Let $$B_1$$ be the magnitude of magnetic field at center of a circular coil of radius R carrying current I. Let $$B_2$$ be the magnitude of magnetic field at an axial distance 'x' from the center. For $$x : R = 3 : 4$$, $$\frac{B_2}{B_1}$$ is:

For a circular coil of radius $$R$$ carrying current $$I$$, the standard results for magnetic field are:

• At the centre of the coil (on its plane) $$B_1 = \frac{\mu_0 I}{2R} \quad -(1)$$

• On the axis of the coil at a distance $$x$$ from the centre $$B_2 = \frac{\mu_0 I R^{2}}{2\left(R^{2}+x^{2}\right)^{3/2}} \quad -(2)$$

To obtain the required ratio, divide $$(2)$$ by $$(1)$$:

$$\frac{B_2}{B_1} = \frac{\mu_0 I R^{2}}{2\left(R^{2}+x^{2}\right)^{3/2}} \times \frac{2R}{\mu_0 I} = \frac{R^{3}}{\left(R^{2}+x^{2}\right)^{3/2}} \quad -(3)$$

Rewrite $$(3)$$ more compactly:

$$\frac{B_2}{B_1} = \left(\frac{R^{2}}{R^{2}+x^{2}}\right)^{3/2} \quad -(4)$$

The problem specifies $$x : R = 3 : 4$$, so choose $$x = 3k$$ and $$R = 4k$$ for some constant $$k$$.

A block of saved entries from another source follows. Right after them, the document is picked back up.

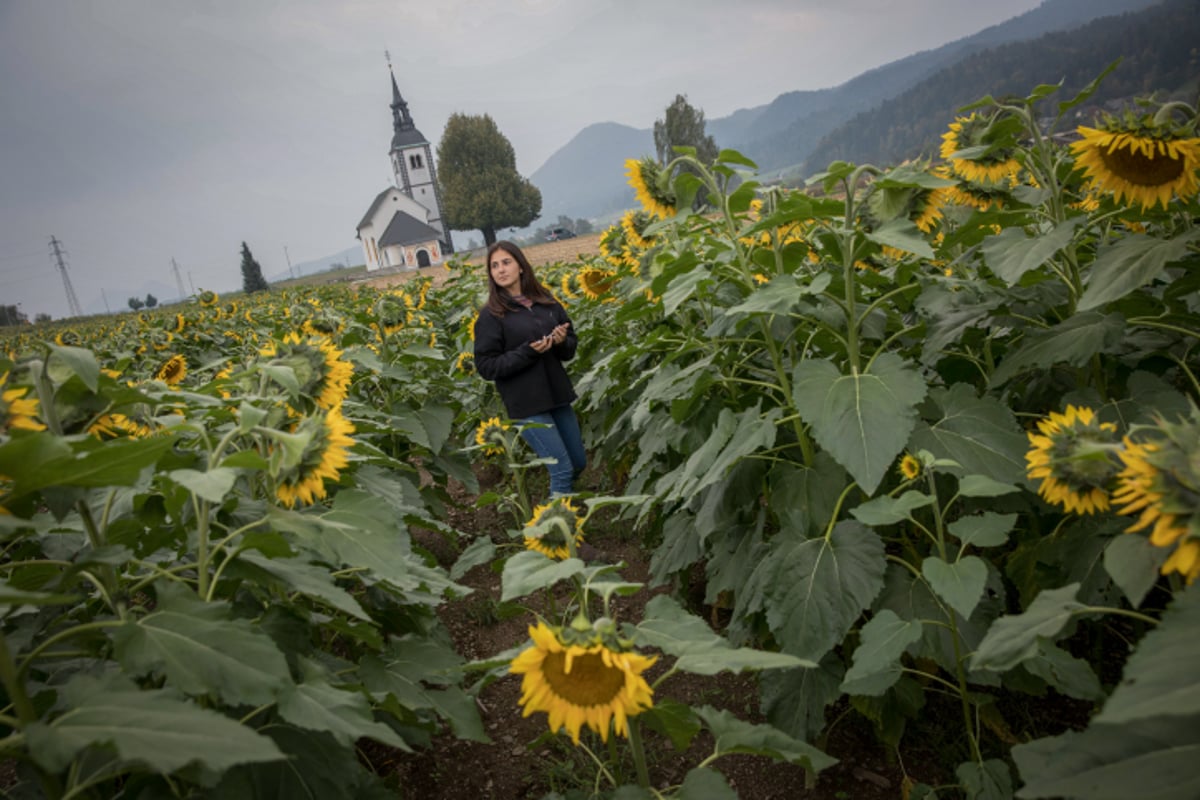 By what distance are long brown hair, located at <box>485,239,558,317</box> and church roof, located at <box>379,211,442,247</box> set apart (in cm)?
7831

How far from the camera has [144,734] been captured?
1.02m

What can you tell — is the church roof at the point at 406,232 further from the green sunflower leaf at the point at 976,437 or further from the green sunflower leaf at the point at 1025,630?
the green sunflower leaf at the point at 1025,630

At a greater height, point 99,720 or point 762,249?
point 762,249

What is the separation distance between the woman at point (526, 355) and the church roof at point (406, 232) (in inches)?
3089

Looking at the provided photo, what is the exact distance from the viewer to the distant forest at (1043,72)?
226 feet

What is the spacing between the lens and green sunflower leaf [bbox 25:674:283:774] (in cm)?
95

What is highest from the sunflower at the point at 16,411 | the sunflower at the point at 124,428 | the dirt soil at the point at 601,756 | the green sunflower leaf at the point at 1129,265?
the sunflower at the point at 16,411

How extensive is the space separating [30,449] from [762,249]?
2.39 m

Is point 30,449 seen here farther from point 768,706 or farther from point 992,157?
point 992,157

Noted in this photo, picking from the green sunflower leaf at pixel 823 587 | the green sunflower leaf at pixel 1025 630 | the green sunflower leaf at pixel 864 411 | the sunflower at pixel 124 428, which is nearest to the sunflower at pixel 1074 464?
the green sunflower leaf at pixel 1025 630

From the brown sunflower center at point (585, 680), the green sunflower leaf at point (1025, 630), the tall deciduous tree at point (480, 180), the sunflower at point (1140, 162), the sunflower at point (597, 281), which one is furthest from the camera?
the tall deciduous tree at point (480, 180)

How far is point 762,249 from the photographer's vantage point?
2.74m

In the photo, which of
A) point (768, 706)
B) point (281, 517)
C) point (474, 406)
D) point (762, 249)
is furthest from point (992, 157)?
point (474, 406)

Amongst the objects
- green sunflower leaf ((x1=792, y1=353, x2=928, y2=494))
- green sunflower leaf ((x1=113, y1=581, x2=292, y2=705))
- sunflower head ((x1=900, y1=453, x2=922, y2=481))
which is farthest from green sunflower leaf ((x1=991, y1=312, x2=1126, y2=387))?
green sunflower leaf ((x1=113, y1=581, x2=292, y2=705)) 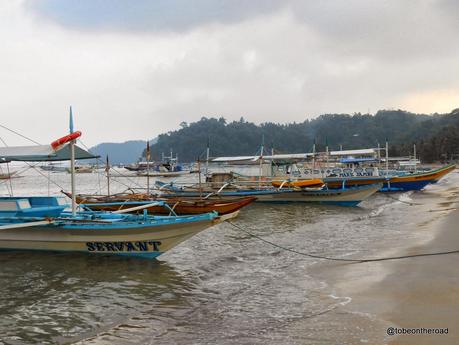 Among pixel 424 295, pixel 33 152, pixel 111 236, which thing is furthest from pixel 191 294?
pixel 33 152

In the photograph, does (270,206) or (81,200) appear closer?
(81,200)

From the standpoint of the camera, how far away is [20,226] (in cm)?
1253

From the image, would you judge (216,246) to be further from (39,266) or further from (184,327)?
(184,327)

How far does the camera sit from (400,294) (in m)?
8.87

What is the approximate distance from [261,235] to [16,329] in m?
11.7

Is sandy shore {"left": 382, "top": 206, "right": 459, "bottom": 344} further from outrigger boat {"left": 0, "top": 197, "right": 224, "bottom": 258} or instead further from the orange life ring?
the orange life ring

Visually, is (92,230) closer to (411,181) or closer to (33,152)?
(33,152)

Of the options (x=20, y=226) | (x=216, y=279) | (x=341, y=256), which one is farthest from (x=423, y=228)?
(x=20, y=226)

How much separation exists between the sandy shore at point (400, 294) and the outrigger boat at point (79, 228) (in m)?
4.45

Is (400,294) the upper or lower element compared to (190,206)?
lower

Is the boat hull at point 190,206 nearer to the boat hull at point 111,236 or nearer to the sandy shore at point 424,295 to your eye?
the boat hull at point 111,236

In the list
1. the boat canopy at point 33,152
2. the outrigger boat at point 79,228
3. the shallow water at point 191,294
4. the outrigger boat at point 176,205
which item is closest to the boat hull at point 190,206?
the outrigger boat at point 176,205

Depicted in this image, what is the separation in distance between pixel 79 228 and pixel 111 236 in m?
1.01

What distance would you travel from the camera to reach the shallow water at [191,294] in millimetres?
7871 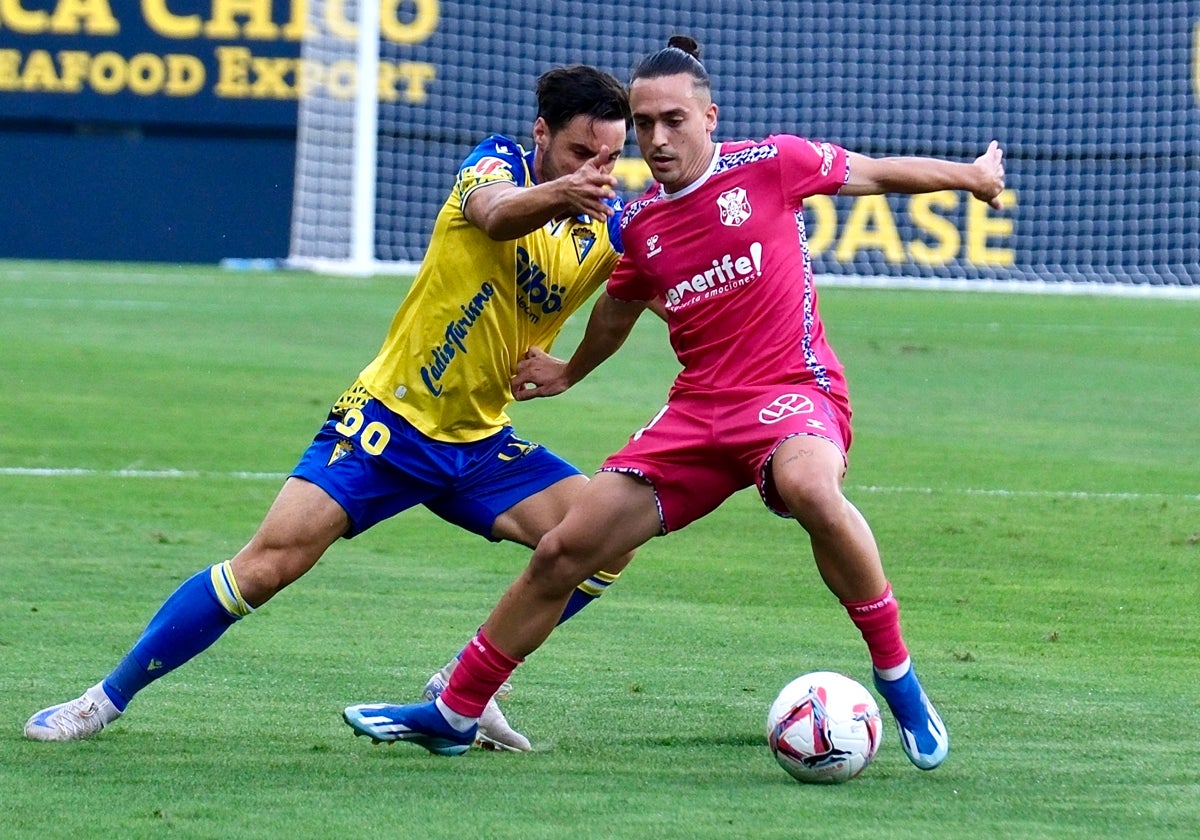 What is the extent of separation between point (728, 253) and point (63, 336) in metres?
13.2

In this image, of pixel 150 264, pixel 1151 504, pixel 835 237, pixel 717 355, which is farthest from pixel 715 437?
pixel 150 264

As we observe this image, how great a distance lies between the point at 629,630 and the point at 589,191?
2.53m

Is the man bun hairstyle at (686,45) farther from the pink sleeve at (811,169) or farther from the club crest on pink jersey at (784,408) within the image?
the club crest on pink jersey at (784,408)

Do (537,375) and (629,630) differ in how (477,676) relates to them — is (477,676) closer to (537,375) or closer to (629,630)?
(537,375)

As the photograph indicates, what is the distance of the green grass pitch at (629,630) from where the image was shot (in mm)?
4613

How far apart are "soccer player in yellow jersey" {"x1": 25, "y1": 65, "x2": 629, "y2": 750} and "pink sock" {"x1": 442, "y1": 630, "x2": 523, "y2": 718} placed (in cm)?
15

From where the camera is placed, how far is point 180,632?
5320 millimetres

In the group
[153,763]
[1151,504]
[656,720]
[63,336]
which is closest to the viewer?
[153,763]

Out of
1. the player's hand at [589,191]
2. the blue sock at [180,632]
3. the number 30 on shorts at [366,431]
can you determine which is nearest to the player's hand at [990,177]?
the player's hand at [589,191]

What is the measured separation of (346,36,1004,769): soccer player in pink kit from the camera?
511 cm

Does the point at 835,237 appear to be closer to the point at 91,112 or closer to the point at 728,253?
the point at 91,112

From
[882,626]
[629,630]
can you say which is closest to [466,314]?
[882,626]

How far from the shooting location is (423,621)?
7.17 meters

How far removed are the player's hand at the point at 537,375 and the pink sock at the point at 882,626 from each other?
1.15 metres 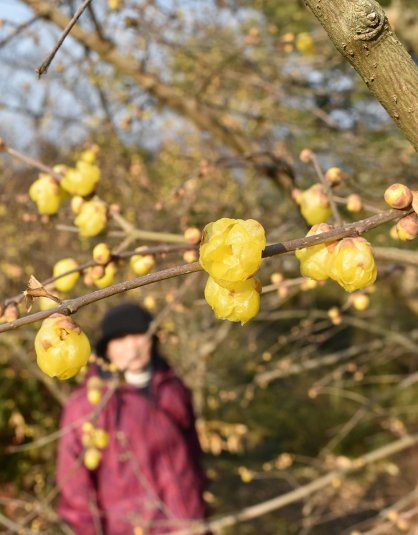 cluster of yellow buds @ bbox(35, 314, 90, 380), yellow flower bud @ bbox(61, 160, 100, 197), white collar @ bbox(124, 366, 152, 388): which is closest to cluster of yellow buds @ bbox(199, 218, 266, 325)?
cluster of yellow buds @ bbox(35, 314, 90, 380)

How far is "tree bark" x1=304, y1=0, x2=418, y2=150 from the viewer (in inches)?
34.9

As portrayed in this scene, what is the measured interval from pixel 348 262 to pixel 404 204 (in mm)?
175

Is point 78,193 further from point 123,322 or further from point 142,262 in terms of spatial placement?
point 123,322

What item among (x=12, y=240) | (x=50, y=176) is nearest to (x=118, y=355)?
(x=50, y=176)

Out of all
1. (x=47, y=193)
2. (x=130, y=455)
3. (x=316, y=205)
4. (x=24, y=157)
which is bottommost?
(x=130, y=455)

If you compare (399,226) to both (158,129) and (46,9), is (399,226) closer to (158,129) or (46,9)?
(46,9)

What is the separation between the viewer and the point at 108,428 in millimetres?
3342

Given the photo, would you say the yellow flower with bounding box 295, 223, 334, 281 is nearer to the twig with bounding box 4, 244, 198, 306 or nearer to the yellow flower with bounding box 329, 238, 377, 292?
the yellow flower with bounding box 329, 238, 377, 292

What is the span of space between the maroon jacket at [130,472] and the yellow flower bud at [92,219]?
→ 1.68m

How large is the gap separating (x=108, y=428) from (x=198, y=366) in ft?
8.20

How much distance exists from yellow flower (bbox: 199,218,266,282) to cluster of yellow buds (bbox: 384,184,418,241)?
11.2 inches

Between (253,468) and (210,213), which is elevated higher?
(210,213)

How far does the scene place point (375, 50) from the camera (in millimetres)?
922

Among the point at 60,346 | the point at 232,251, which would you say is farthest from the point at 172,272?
the point at 60,346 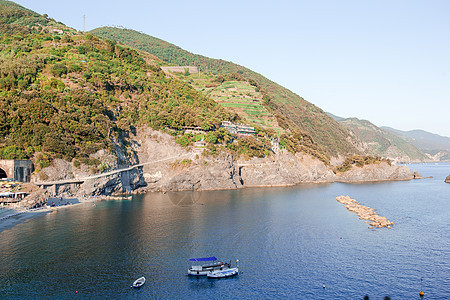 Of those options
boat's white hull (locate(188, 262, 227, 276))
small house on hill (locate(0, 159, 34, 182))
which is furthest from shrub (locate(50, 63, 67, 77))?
boat's white hull (locate(188, 262, 227, 276))

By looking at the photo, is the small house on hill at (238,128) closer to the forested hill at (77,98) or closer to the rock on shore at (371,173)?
the forested hill at (77,98)

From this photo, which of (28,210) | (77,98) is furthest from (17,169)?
(77,98)

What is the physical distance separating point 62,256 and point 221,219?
3136 centimetres

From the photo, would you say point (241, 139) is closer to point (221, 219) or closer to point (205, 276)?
point (221, 219)

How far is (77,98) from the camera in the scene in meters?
Answer: 103

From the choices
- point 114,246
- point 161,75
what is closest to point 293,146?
point 161,75

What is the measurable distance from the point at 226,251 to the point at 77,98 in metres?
74.6

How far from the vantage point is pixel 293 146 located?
14450 cm

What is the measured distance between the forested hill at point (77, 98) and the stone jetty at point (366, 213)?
2085 inches

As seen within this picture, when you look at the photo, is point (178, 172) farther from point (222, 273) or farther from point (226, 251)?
point (222, 273)

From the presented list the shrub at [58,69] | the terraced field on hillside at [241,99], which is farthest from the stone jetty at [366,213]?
the shrub at [58,69]

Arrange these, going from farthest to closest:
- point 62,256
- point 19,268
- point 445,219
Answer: point 445,219, point 62,256, point 19,268

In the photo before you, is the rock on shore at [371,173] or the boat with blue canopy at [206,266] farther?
the rock on shore at [371,173]

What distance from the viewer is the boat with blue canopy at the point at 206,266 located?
1737 inches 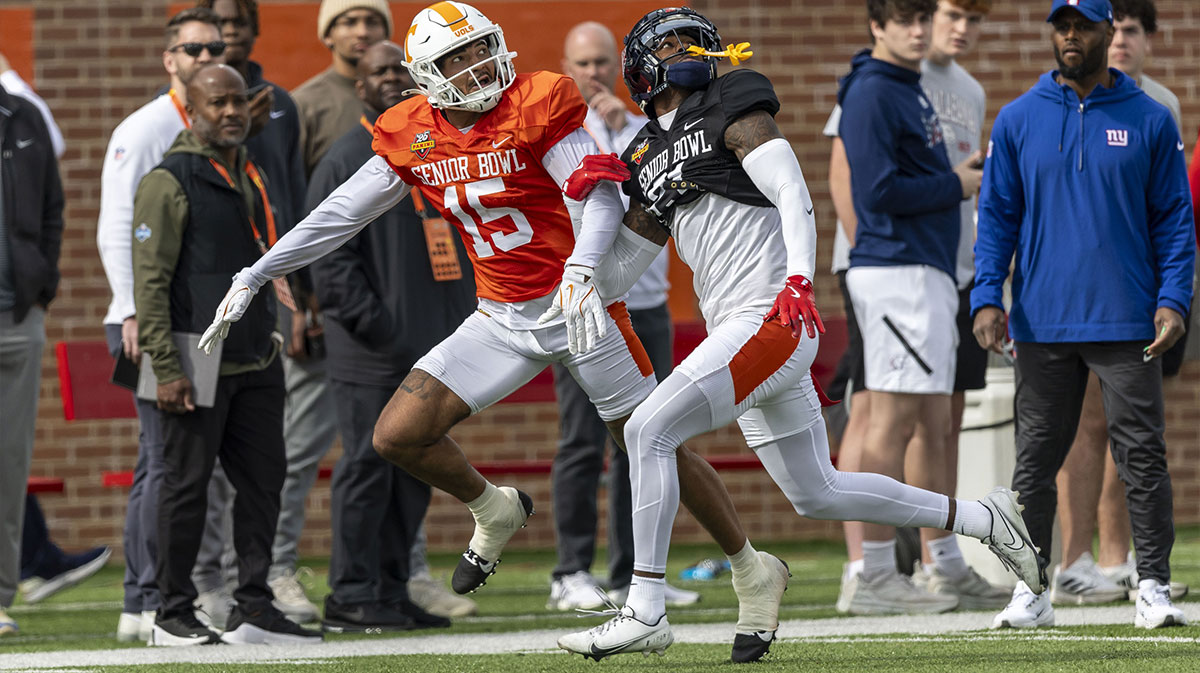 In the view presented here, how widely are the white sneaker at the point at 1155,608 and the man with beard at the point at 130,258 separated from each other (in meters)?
3.48

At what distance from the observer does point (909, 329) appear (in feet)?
22.5

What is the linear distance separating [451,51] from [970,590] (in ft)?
10.3

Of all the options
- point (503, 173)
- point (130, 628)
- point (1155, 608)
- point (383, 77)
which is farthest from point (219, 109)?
point (1155, 608)

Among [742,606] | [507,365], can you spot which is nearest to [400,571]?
[507,365]

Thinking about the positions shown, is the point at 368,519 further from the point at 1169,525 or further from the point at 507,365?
the point at 1169,525

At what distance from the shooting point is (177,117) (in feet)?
23.2

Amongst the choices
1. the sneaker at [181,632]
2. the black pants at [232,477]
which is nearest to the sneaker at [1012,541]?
the black pants at [232,477]

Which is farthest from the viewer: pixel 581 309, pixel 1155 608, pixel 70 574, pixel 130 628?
pixel 70 574

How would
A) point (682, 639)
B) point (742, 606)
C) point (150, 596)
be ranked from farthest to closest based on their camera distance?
point (150, 596)
point (682, 639)
point (742, 606)

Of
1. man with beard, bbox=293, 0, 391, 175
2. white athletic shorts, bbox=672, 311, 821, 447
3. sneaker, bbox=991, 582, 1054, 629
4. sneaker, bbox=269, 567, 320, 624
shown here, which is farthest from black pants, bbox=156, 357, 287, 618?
sneaker, bbox=991, 582, 1054, 629

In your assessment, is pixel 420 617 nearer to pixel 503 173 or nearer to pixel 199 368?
pixel 199 368

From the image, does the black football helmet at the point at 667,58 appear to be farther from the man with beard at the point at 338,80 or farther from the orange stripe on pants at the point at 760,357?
the man with beard at the point at 338,80

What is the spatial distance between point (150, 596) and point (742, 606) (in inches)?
100

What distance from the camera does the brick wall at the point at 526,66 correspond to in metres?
10.7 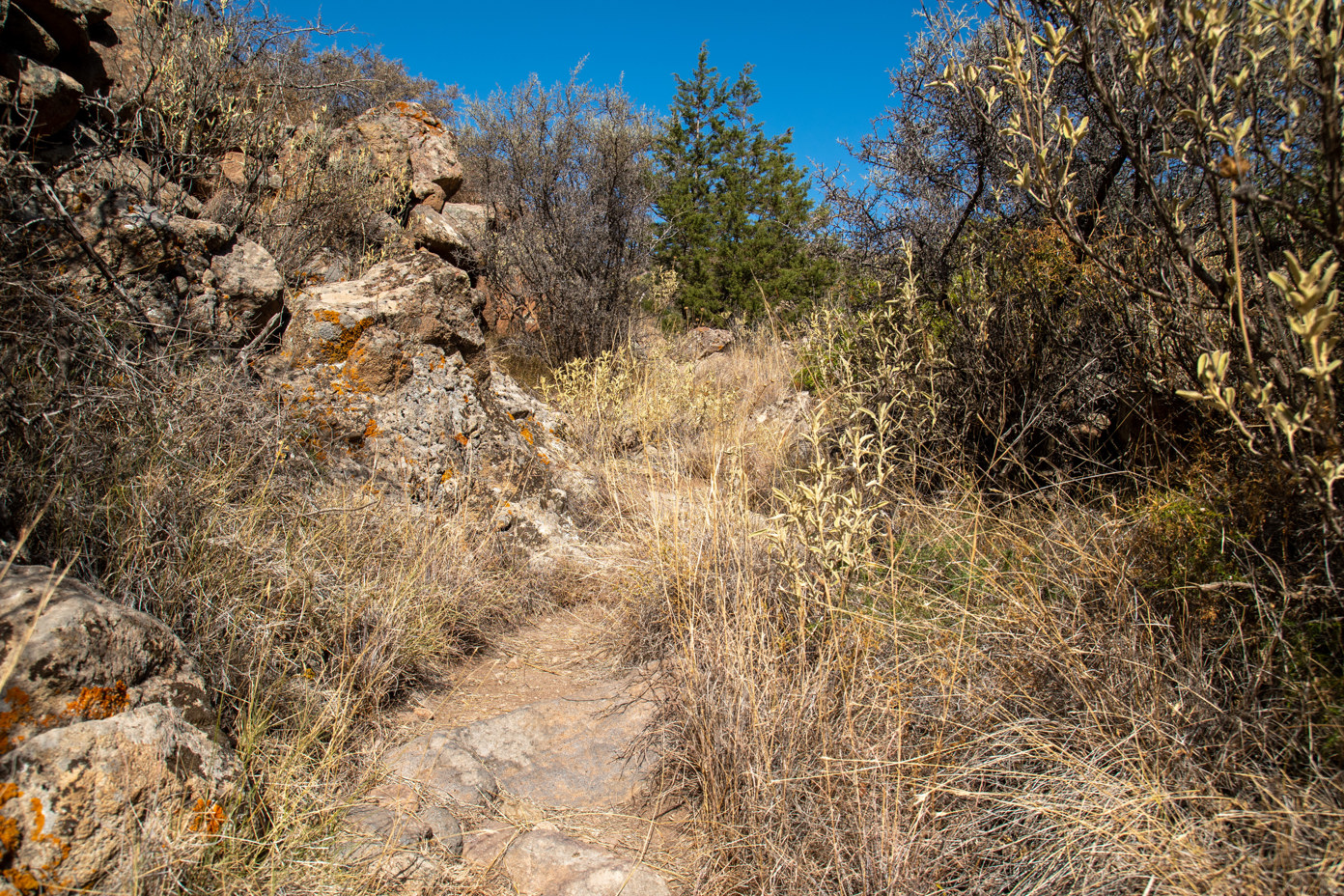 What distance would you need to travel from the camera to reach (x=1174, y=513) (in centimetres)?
199

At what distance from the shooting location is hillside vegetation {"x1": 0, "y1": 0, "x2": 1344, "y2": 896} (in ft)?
4.72

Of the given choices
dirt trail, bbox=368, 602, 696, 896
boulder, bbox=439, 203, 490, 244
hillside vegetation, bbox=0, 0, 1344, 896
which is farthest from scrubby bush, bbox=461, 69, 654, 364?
dirt trail, bbox=368, 602, 696, 896

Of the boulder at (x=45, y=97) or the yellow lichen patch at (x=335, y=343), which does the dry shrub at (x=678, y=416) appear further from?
the boulder at (x=45, y=97)

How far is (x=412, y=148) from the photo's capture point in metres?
7.84

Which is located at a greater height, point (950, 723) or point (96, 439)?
point (96, 439)

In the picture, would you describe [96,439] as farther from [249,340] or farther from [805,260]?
[805,260]

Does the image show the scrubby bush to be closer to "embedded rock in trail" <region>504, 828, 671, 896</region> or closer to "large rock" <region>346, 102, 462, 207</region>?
"large rock" <region>346, 102, 462, 207</region>

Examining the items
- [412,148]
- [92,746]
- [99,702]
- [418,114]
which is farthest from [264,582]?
[418,114]

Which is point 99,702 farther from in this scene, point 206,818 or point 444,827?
point 444,827

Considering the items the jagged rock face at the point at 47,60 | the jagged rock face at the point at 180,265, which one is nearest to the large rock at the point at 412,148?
the jagged rock face at the point at 47,60

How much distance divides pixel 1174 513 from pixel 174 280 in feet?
12.8

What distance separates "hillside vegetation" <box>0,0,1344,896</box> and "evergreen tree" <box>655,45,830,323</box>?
5614 millimetres

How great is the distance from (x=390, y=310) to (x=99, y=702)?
A: 261 centimetres

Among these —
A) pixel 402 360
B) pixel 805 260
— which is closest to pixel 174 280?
pixel 402 360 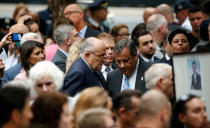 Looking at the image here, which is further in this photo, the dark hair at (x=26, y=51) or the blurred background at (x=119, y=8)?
the blurred background at (x=119, y=8)

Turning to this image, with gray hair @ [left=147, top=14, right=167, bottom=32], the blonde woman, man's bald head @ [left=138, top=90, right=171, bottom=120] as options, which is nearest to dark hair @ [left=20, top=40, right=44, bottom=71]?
the blonde woman

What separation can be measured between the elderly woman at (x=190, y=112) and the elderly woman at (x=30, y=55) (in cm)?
251

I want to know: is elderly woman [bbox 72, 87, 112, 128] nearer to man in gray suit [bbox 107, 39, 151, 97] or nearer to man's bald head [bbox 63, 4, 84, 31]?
man in gray suit [bbox 107, 39, 151, 97]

Substitute these into $$(4)$$:

$$\frac{B_2}{B_1} = \left( \frac{(4k)^{2}}{(4k)^{2} + (3k)^{2}} \right)^{3/2} = \left( \frac{16k^{2}}{16k^{2} + 9k^{2}} \right)^{3/2} = \left( \frac{16}{25} \right)^{3/2} \quad -(5)$$

Evaluate the power:

$$\left( \frac{16}{25} \right)^{3/2} = \frac{16^{3/2}}{25^{3/2}} = \frac{( \sqrt{16} )^{3}}{( \sqrt{25} )^{3}} = \frac{4^{3}}{5^{3}} = \frac{64}{125}$$

Hence, $$\displaystyle \frac{B_2}{B_1} = \frac{64}{125}$$, or in ratio form $$64 : 125$$.

Therefore, the correct option is Option C (64 : 125).